> [RECORDS FOR THE EXERCISE]
________________________________________

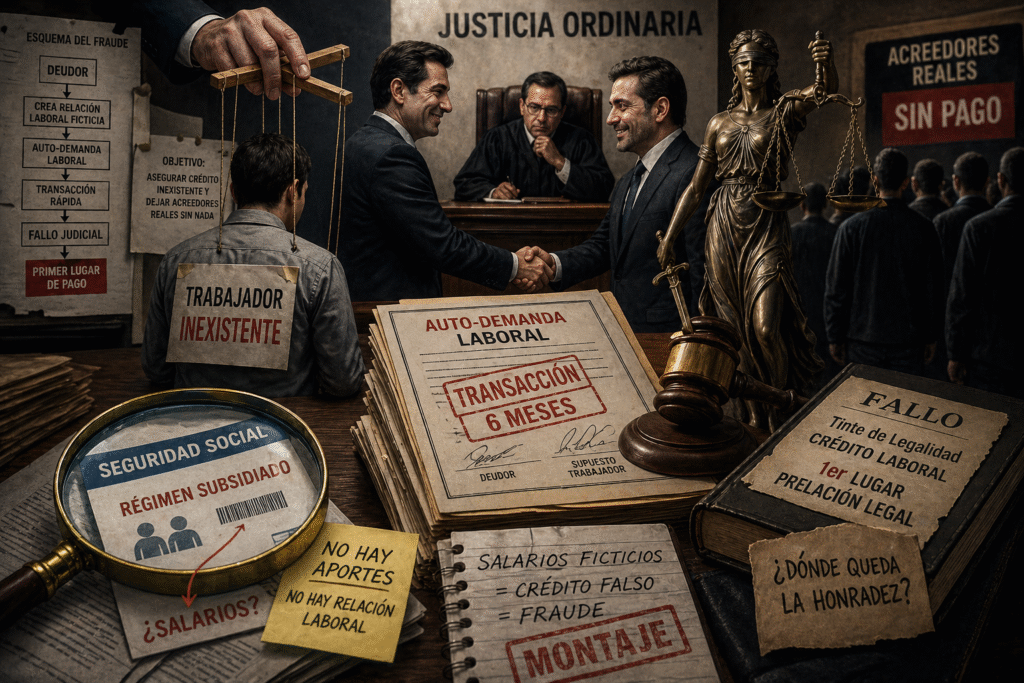 El esquema del fraude es perverso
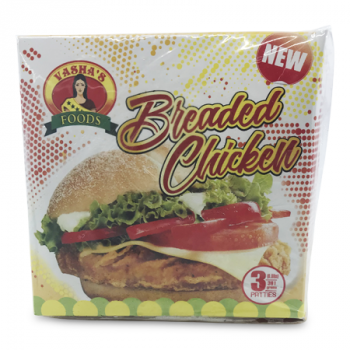 VASHA FOOD BREADED CHICKEN PATTIES 226G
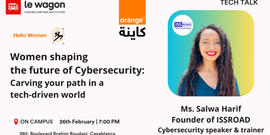 Hello Women - Tech talk with Ms. Salwa Harif - Founder of ISSROAD & Cybersecurity expert/trainer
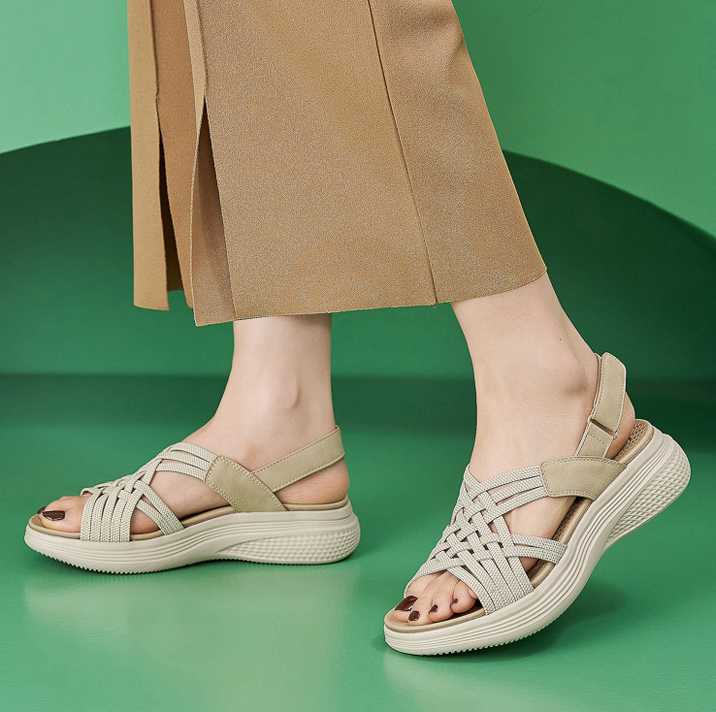 🔥LAST DAY 70% OFF🔥2025 New Women's Wedge Orthopedic Sandals | Fit For Your Feet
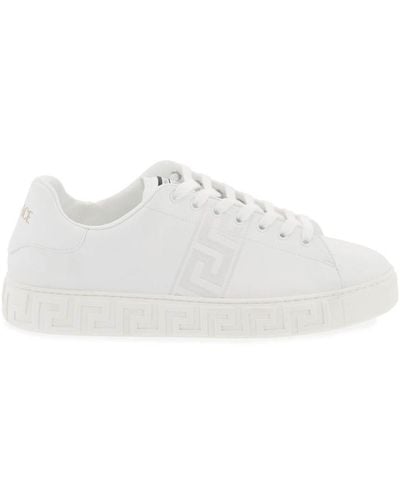 Versace Greca Leather Sneaker - White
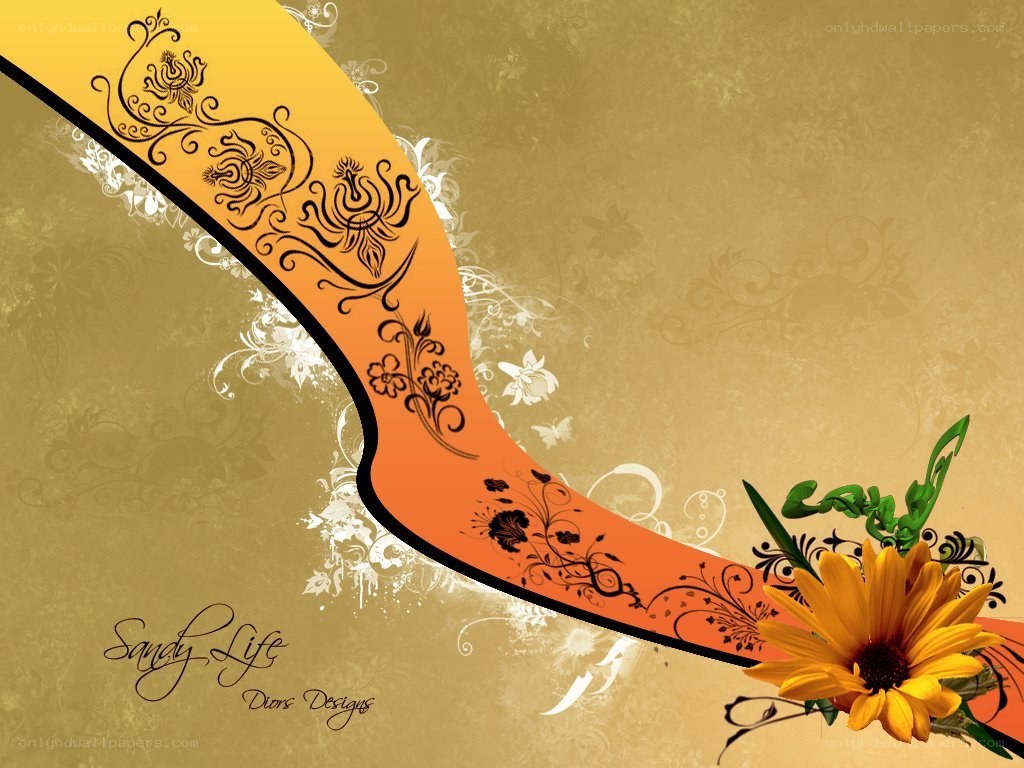 floral design with sunflower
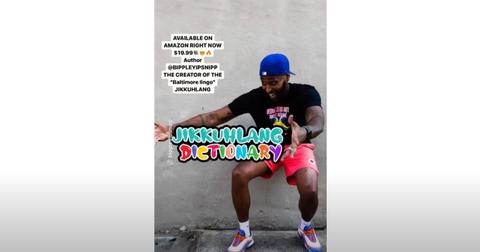 Richard Webster in an ad for his dictionary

________________________________________

> [PROMPT] Repeat, exactly and only, the lines from the one containing "Hello Women - Tech" through the final line of the data, both ends included, leaving out any picture.

> [RESPONSE AREA]
 Hello Women - Tech talk with Ms. Salwa Harif - Founder of ISSROAD & Cybersecurity expert/trainer
 🔥LAST DAY 70% OFF🔥2025 New Women's Wedge Orthopedic Sandals | Fit For Your Feet
 Versace Greca Leather Sneaker - White
 floral design with sunflower
 Richard Webster in an ad for his dictionary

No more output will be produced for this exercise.